Além disso, não é possível continuar negando a ideia de restrição orçamentária, adotando o discurso “nenhum direito a menos”, que acabou sendo uma sombrinha para acomodar pautas de setores privilegiados, como parte do funcionalismo público e dos sindicatos.
Questionar à imprensa por anos, negando seu direito de errar ou mesmo de tomar posição, só contribui para a sua fragilização. Muito ingênuo defender a checagem de notícias falsas em canais tradicionais, quando se atacou estes por anos – e ainda se continua atacando.
Fora os ataques à imprensa, ocorreu também ataques à oposição democrática, algo que vem ocorrendo desde a eleições anteriores, vamos lembrar das propagandas agressivas denegrindo a então candidata Marina Silva em 2014, que fez com que todo o campo democrático se enfraquecesse. Esses ataques cruzados, apenas fizeram com que a população criasse aversão à todas as forças políticas tradicionais.
Importante também é destacar que fora Temer não é proposta, nem cria diálogo. Apesar de ser cômodo dado sua impopularidade. Mais do que “boicotar” um governo, se opondo a praticamente tudo que ele propõe, é preciso apresentar propostas e agir de maneira consistente, inclusive apoiando projetos que façam bem ao país (mesmo que colocados por partidos ou governos que não apoiam). A grande questão é que negar a realidade, inventando bodes expiatórios, não contribui em nada.
Neste momento, é colhido os efeitos negativos da judicialização. Vamos lembrar de que nós a incentivamos, e continuamos fazendo isso, no momento em que queremos que o STF ou o STJ legalize o aborto por exemplo. Afinal somos contra toda a judicialização ou só a parte que convém?

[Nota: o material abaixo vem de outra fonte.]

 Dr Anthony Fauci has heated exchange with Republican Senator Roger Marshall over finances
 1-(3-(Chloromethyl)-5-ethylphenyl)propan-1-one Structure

Dito isso, espero que parte da esquerda que continua seguindo estes erros evidentes reformule seus planos. Afinal esta divisão entre uma “esquerda pé no chão” e uma “esquerda romântica” que para justificar seus erros no passado e manter suas bases existentes unificadas (afinal existe aceitação entre os militantes sobre pautas como Lula Livre), desestrutura a (já reduzida) oposição como um todo.